# Rockin' Around the Christmas Tree



## Saynamore (Feb 28, 2008)

Thought I'd start a thread here for our furries 'having fun' with our Christmas trees or simply 'trashing' them. Please feel free to add photos as your personal disasters happen.

Here are a couple of mine but Persians are too laid back to cause havoc with the tree .............................


----------



## Siamese Kelly (Jan 6, 2008)

They need their rest C,it's very energy consuming thinking up lots of different ways to trash the trees ya know:biggrin::biggrin:S'alright when ya can put trees up


----------



## Saynamore (Feb 28, 2008)

Nah! they are always like that Kels, always lazy gits! They prefer to sit there looking pretty and posing  Unlike your Bengal for example that would be hyper and realllllly trashed the tree by now, still darent put any baubles on the bloomin thing! 
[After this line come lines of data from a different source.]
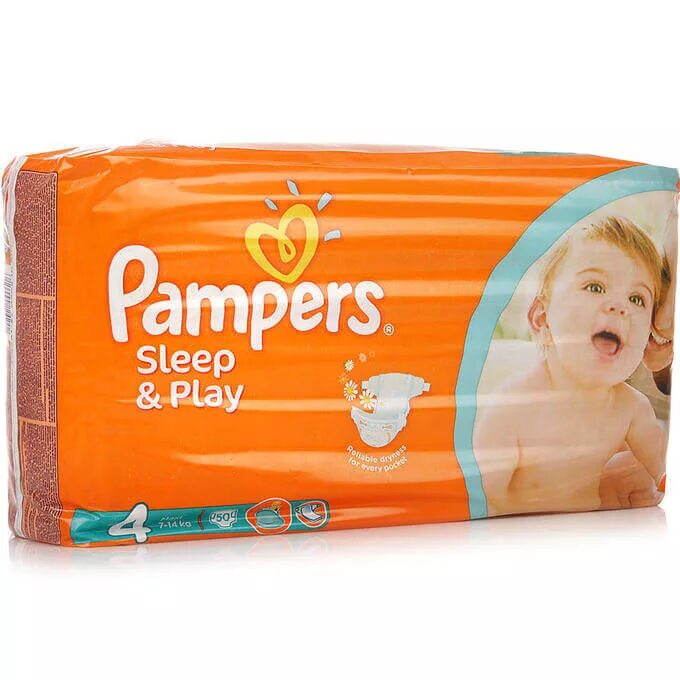 Sleep play 4. Подгузники pampers sleep play. pampers подгузники sleep &amp; play maxi (7 14 кг) экономичная упаковка 50/52. pampers подгузники sleep &amp; play maxi. pampers подгузники sleep&amp;play 4 (9-14 кг) 68 шт..
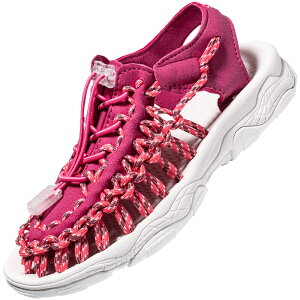 �y���������z �T���_�� �L�b�Y �r�[�` �X�|�[�c �T���_�� ���̎q �j�̎q �y�� ����~�� �ʋC �A�E�g�h�A�T���_�� �r�[�` ���V�� �������p �F�F�s���N�A�T�C�Y�F21.5 cm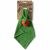 Variation Rose, Vert du produit Big Doudou Sweetie the Strawberry de la marque Oli & Carol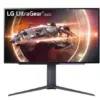 LG Electronics Monitor 27GS95QE-B 27 inch QHD UltraGear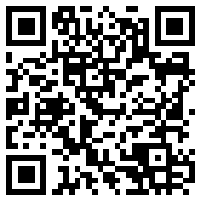 QR Code for bitcoin:litecoin:MRFfsJSxJ4d3bydKpD7dMnBNugj15THZUK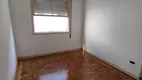 Foto 3 de Apartamento com 3 Quartos à venda, 112m² em Ponta da Praia, Santos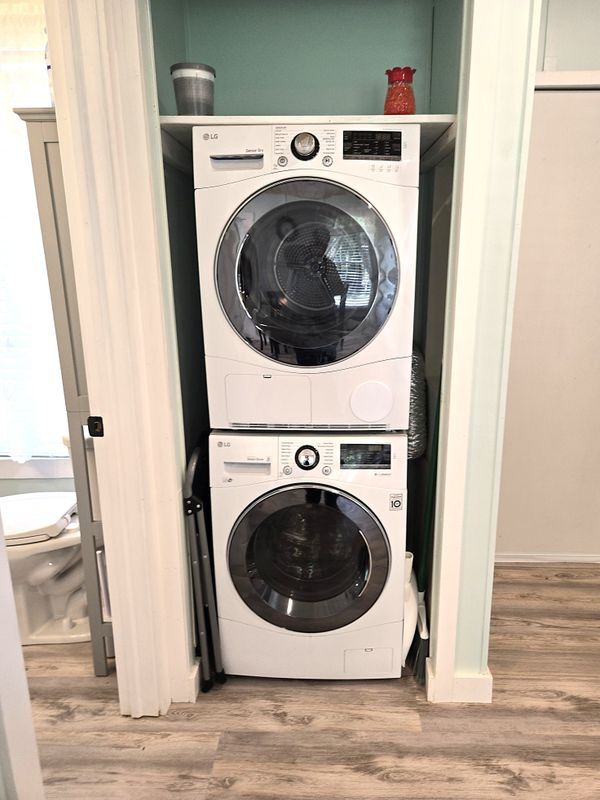 Photo - 2219 C R 721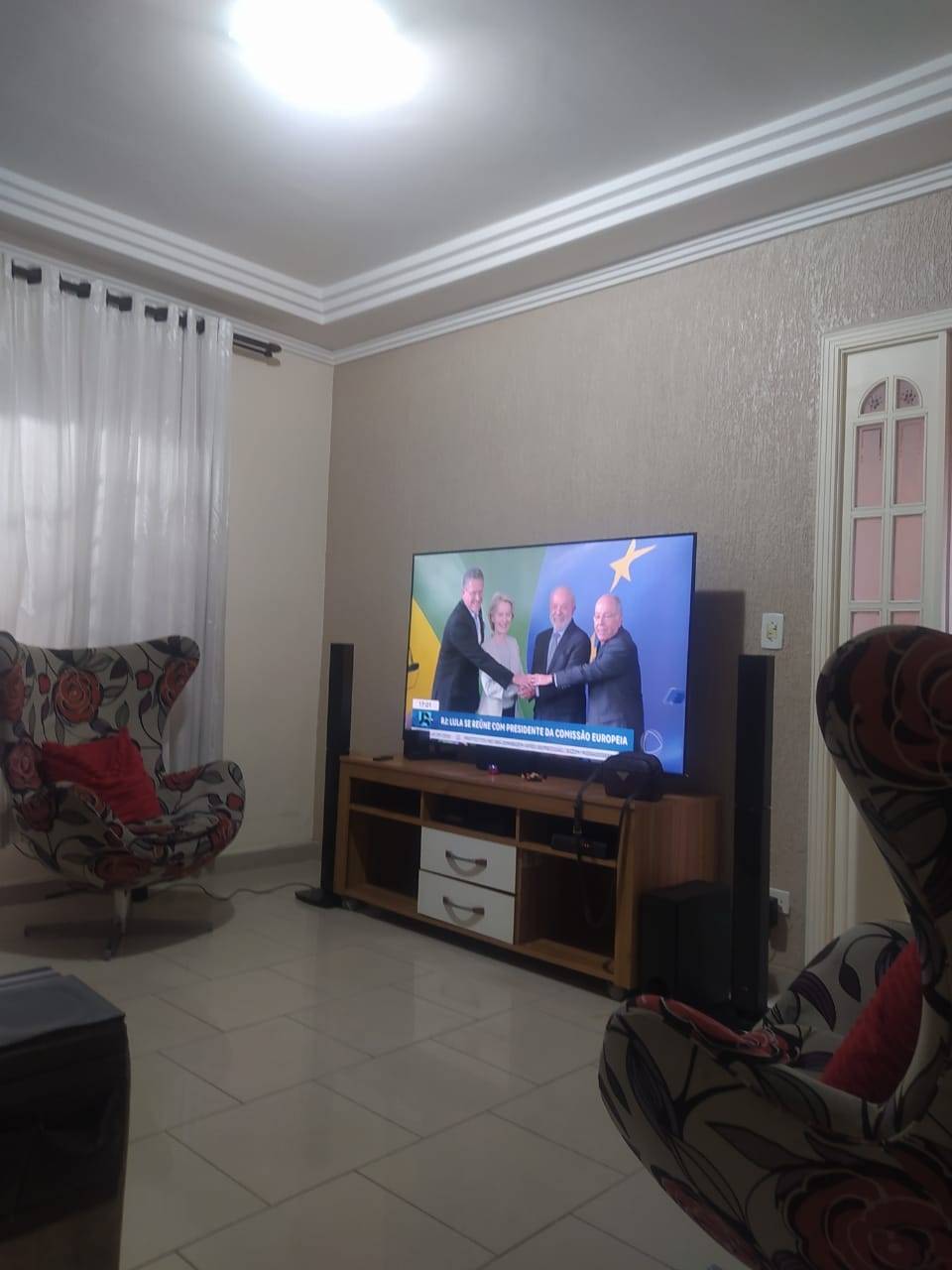 Sobrado, 4 quartos, 150 m² - Foto 15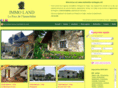 immobilier-dordogne.net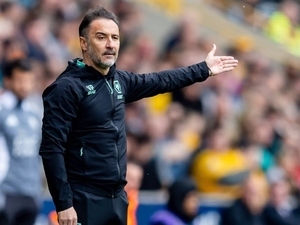 Vitor Pereira’dan Emmanuel Agbadou’ya �vg�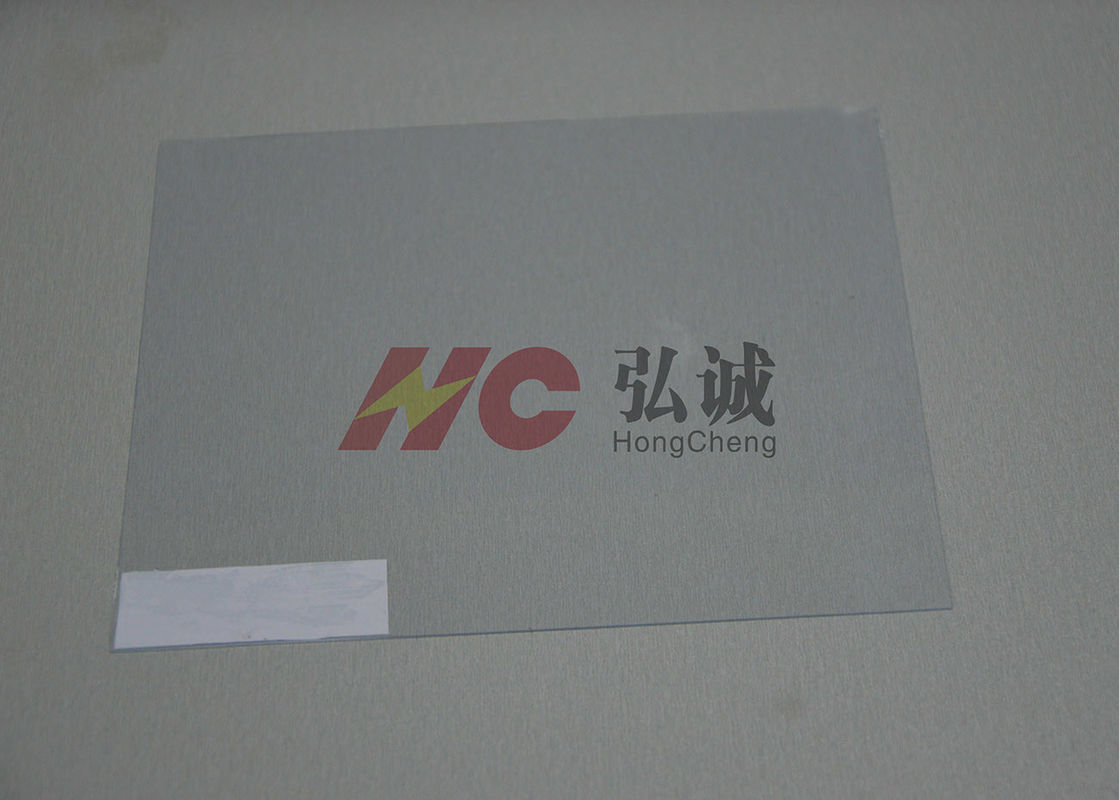 transparent polymethyl methacrylate sheet no yellowing and hydrolysis methacrylate sheet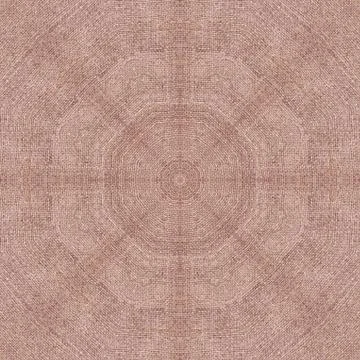 Seamless pattern, linen canvas Stock Illustration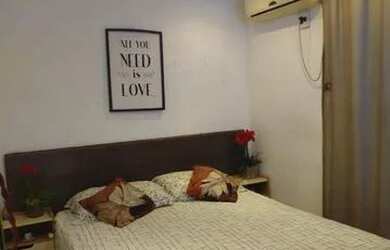 Imagem 14: Residencial Sol Poente 3/4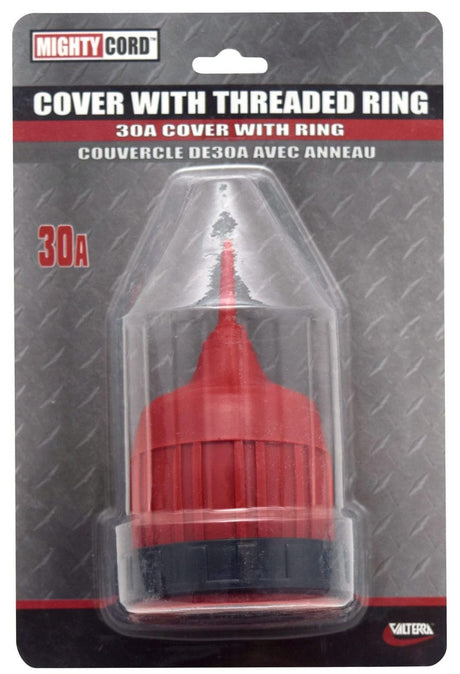 Valterra A10-30cvvp Power Cord Adapter Cover||a10-30cvvp_1.Jpg||86||v46a1030cvvp||1318922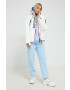 Juicy Couture Суичър Queenie - Pepit.bg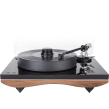 Gold Note MEDITERRANEO (Orzech / Walnut) - Gramofon - Raty 20x0% - Darmowa dostawa od 50 zł - PayPo - Leasing - Odsłuchy Konin - Specjalna oferta! - 3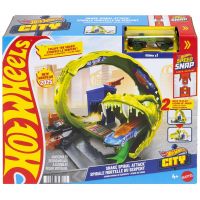 Hot Wheels: Set de pistă Atacul Șarpelui - Mattel - h/o/Hot-Wheels-Set-de-pista-Atacul-Sarpelui--Mattel-1.jpg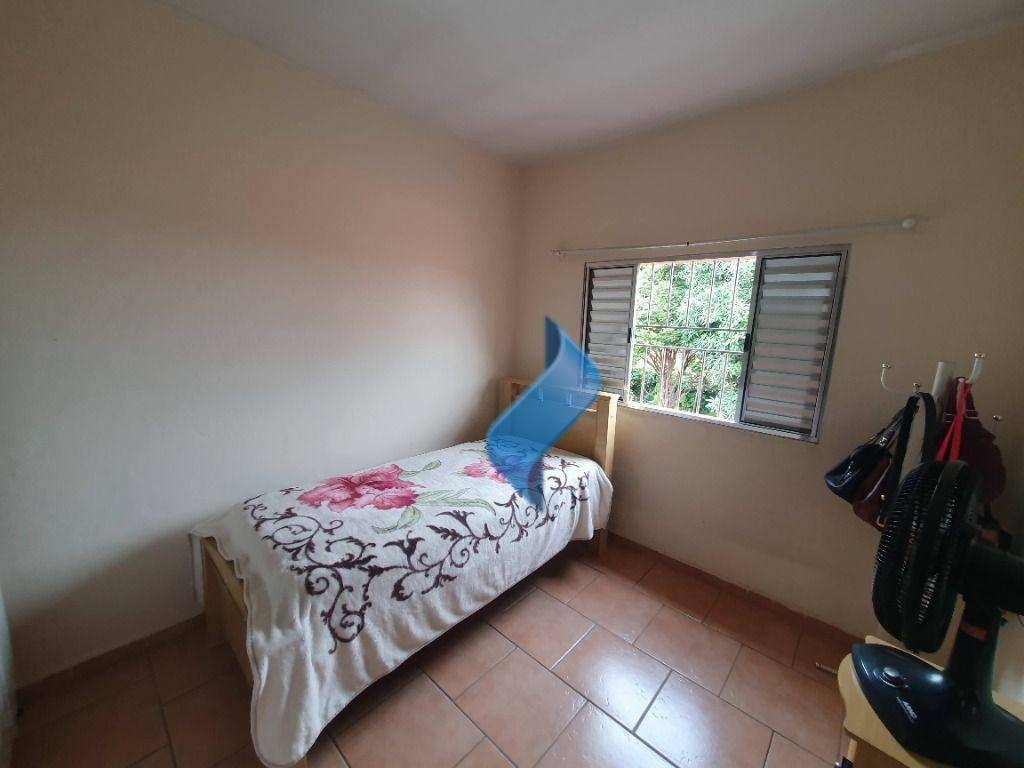 Casa à venda com 2 quartos, 130m² - Foto 18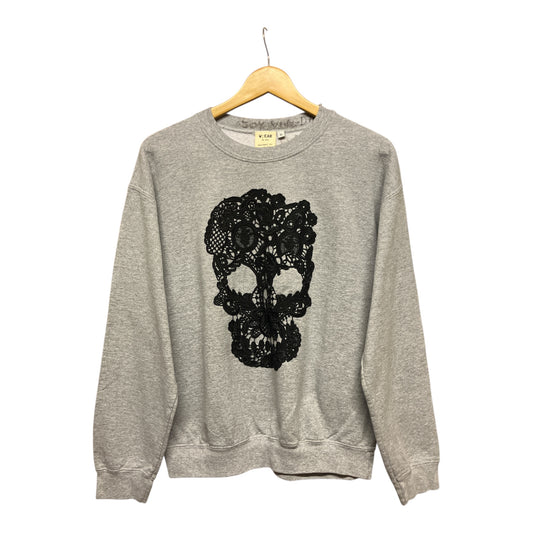 Disco jumper M
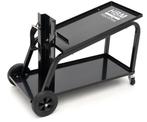 HBM Laswagen Compact Slide, Ophalen, Nieuw, Overige typen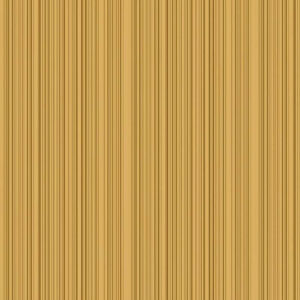 Giấy Dán Tường Giá Rẻ The View TWall 9815-4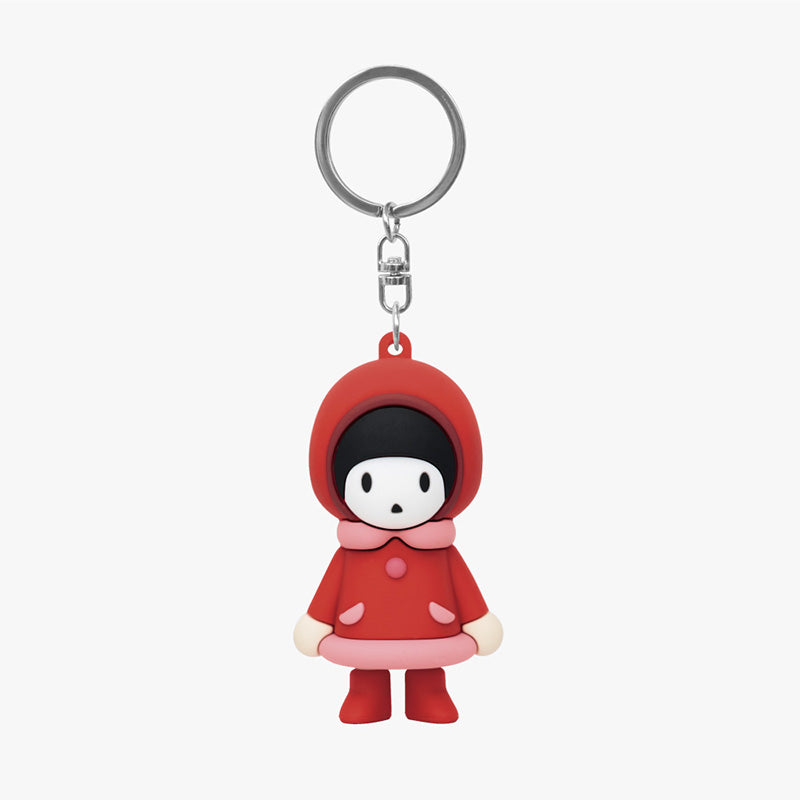 FAMILY – YUKI オフィシャルオンラインストア“COSMIC MART”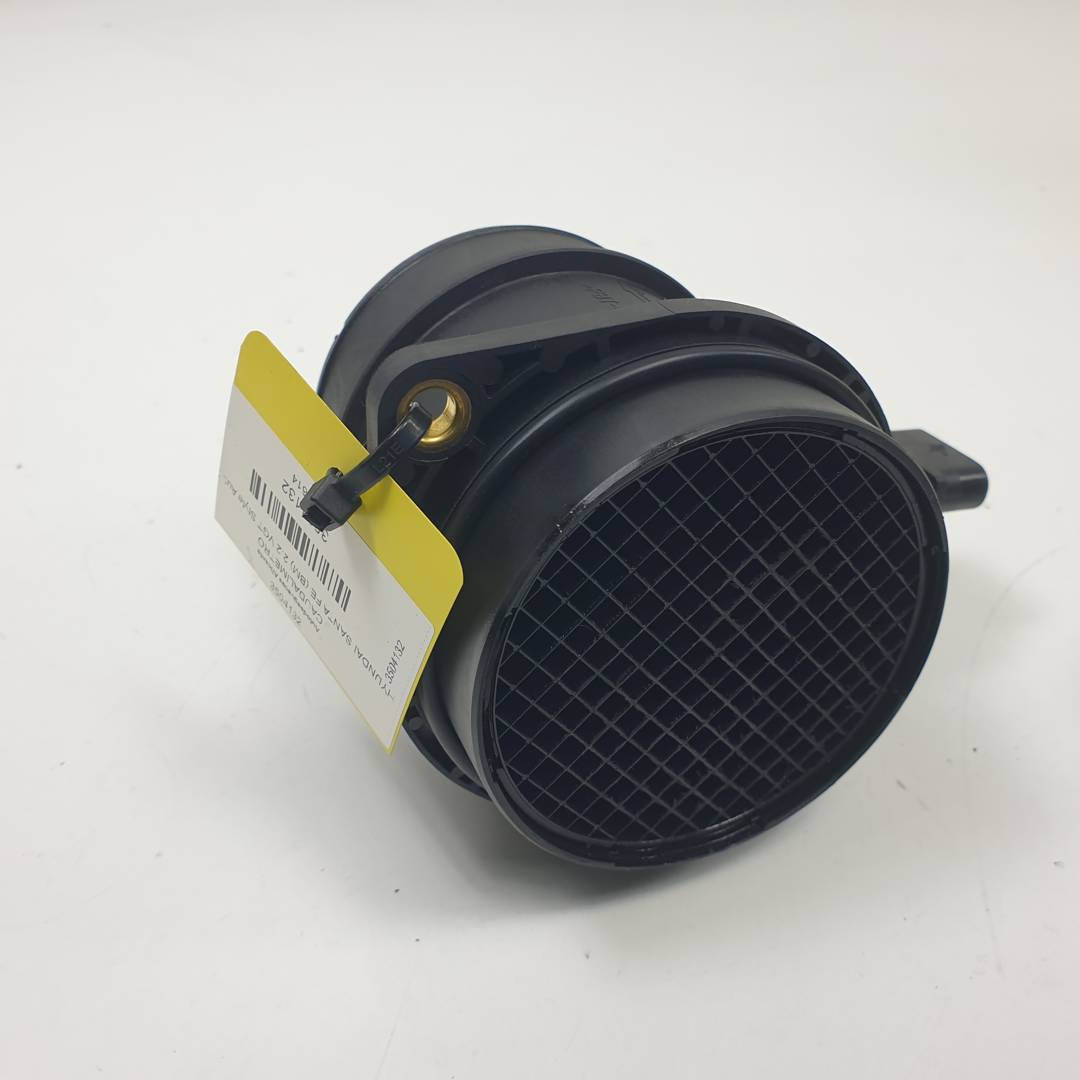 CAUDALIMETRO - 2816427800 - HYUNDAI - SANTA FE (BM)
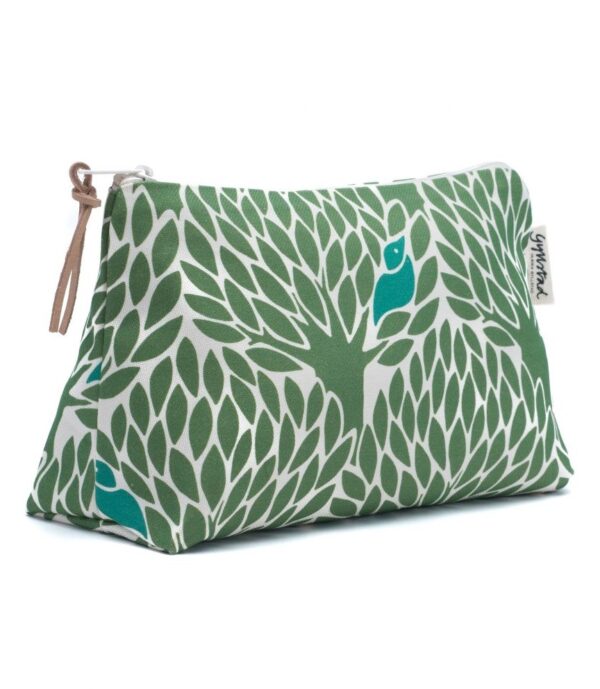 washbag-l-gomsta_lle-green-zoom
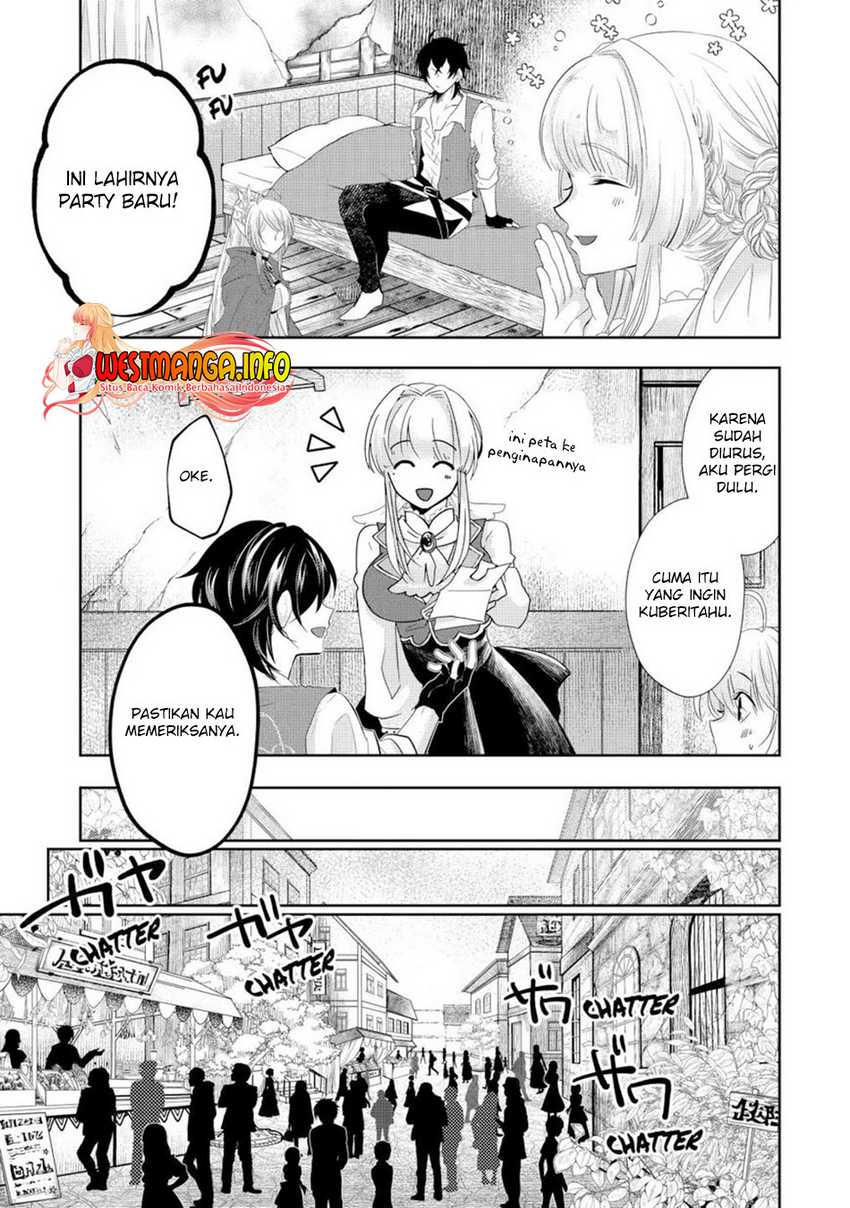 Chapter 8.2 - halaman 7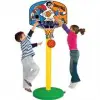 PİM-25 Çocuk Basketbol Potası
Come on folks, give us some pics of your Christmas tree disasters this year! , pmsl


----------



## Abooksigun (Oct 16, 2008)

Awwww bless 'em C x How cute are they!!?


----------



## lymorelynn (Oct 4, 2008)

No disasters yet!! Did catch Mai Tai half way up the tree the other day but the water spray seems to work pretty well.


----------



## KarenHSmith (Apr 20, 2008)

Well.. The cat, decided to try to get in the tree yestarday & she suceeded!! I have a video of her!!


----------



## Saynamore (Feb 28, 2008)

lymorelynn said:


> No disasters yet!! Did catch Mai Tai half way up the tree the other day but the water spray seems to work pretty well.
> View attachment 13512


Oh you're very brave Lynn having all them baubles, lol


----------



## colliemerles (Nov 2, 2007)

where do my crackers keep dissapearing to,?????????????????......


----------



## Saynamore (Feb 28, 2008)

Love the colour of your tree Colls, very chic! Cat's a gorgeous colour too, lol


----------



## colliemerles (Nov 2, 2007)

Saynamore said:


> Love the colour of your tree Colls, very chic! Cat's a gorgeous colour too, lol


thank you ,i painted the frontroom in shades of brown last year, so brought a new chocolate tree to match,lol, it did look nice but dizzy has re arranged the crackers , lights and tinsel,the baubles are all chocolate brown to,


----------



## kelly-joy (Oct 14, 2008)

Aww bless them.You have got to love them no matter what they do don't you


----------



## pinkbutterflys (Nov 18, 2008)

kiwi and bam said enough is enough the tree HAS to come down!


----------